Published August 18, 2017 at 12:39 am

Lots of money and lots of people were involved in a drug trafficking scheme across the Canada-U.S. border worth millions of dollars back in April.

Lots of money and lots of people were involved in a drug trafficking scheme across the Canada-U.S. border worth millions of dollars back in April. Now, a Brampton man has been sentenced to several years in a U.S. federal prison in connection with the crime.

We reported in April that 47-year-old Brampton man Harinder Dhaliwal had pleaded guilty to conspiring to export cocaine from the U.S. into Canada.

Dhaliwal admitted to being part of an international conspiracy that trafficked over 3,000 kilograms of cocaine worth an estimated $120,000,000, most of it through the Western District of New York.

According to release issued by the United States Attorney’s Office, Dhaliwal has been sentenced to 20 years – or 240 months as the release says – in jail.

Assistant U.S. Attorney Timothy C. Lynch said that between 2006 and 2011, Dhaliwal conspired with others to smuggle cocaine into Canada from the United States and marijuana and ecstasy into the United States from Canada via several international bridges including those in the Buffalo-Niagara region.

U.S. law enforcement officers recovered a staggering 230 kilograms of cocaine. Of that amount, 123 kilograms of cocaine were obtained through two seizures at the Lewiston-Queenston Bridge and in Geneva, NY.

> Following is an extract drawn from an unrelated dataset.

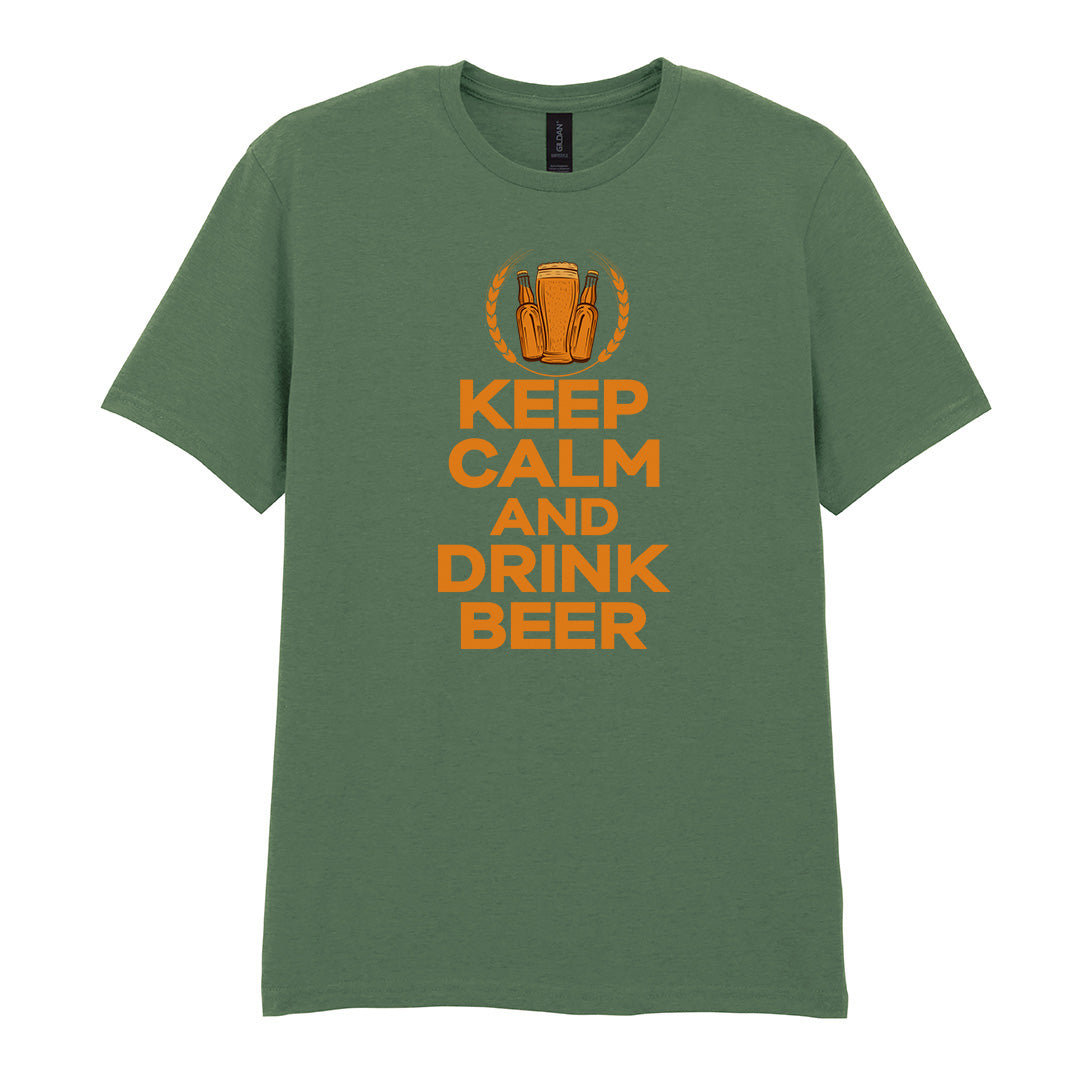 Keep Calm and Drink Beer | Unisex Graphic T-Shirt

This “represents the largest seizure arising from a single investigation in the District’s history,” said the release.

The remaining 107 kilograms were seized in California.

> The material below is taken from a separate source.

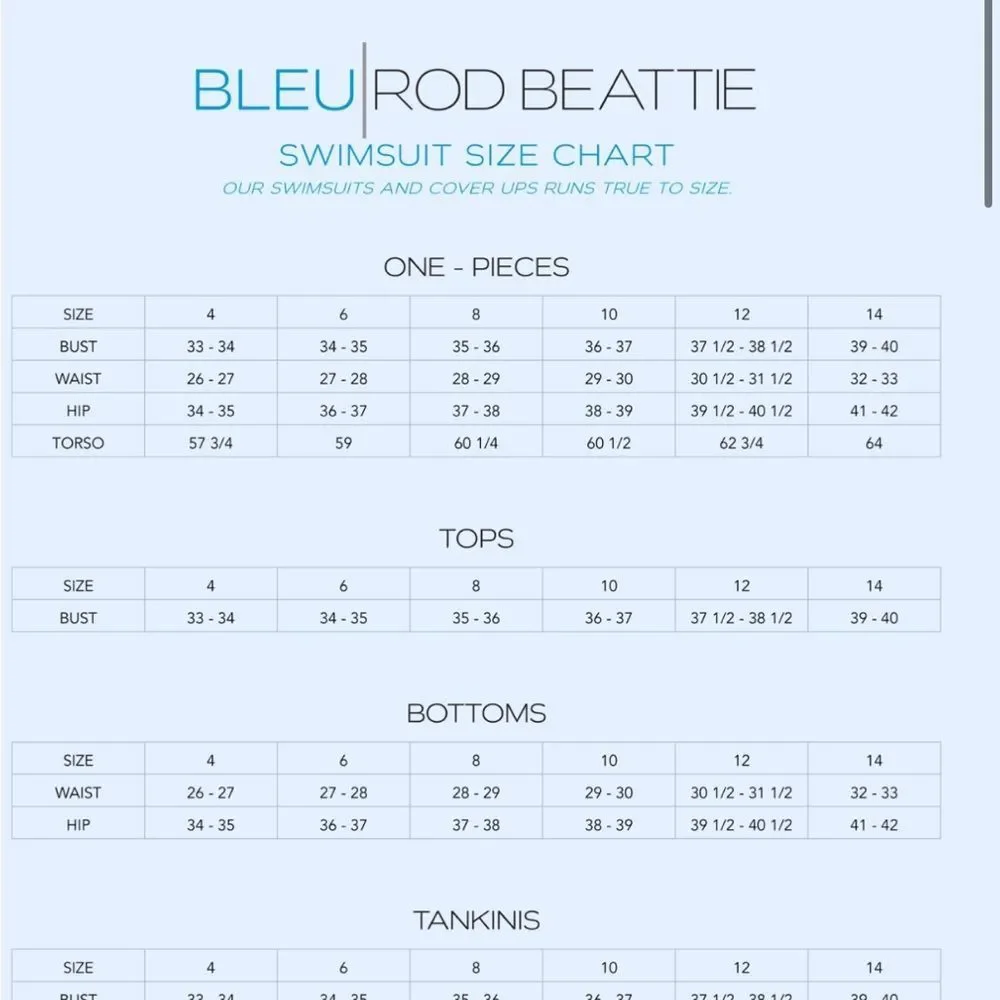 Bleu Rod Beattie One Piece SwimSuit - Picture 3 of 3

Almost as shocking, 690,000 ecstasy pills were also seized at an estimated street value of $12 million.

Also charged in the conspiracy and convicted were Ravinder Arora, Michael Bagri, Parminder Sidhu, Alvin Randhawa, Gursharan Singh, and Huy Hoang Nguyen.

The defendants fabricated false compartments in the floors of tractor-trailers. 

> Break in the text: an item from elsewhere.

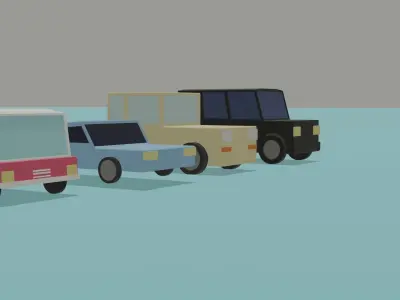 low poly cars Free low-poly 3D model from CGTrader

Here’s some more detail: “Dhaliwal and others purchased steel tubing, kick plates and other supplies to fabricate the false compartments in several tractor-trailers. In addition to cocaine, the tractor-trailers were used to transport ecstasy and hundreds of pounds of marijuana into the United States from Canada.”

Ledgers were also seized, which said that from 2009 to 2010, there were approximately a dozen smuggling trips, where about 1,617 kilograms of cocaine were transported from the United States, through the Western District of New York, into Canada.

“Today’s sentencing is a significant development in a years-long investigation that resulted in significant seizures of narcotics, weapons and arrests in the U.S. and Canada,” said ICE-HSI Special Agent-in-Charge Kevin Kelly. “Transnational investigations like this one help ensure that our shared border with our Canadian partners remains transparent to law enforcement and simultaneously a hindrance to criminal groups.”

Forty-seven-year-old Dhaliwal was sentenced on Wednesday, August 16, 2017. He’ll be about 67 years old upon release.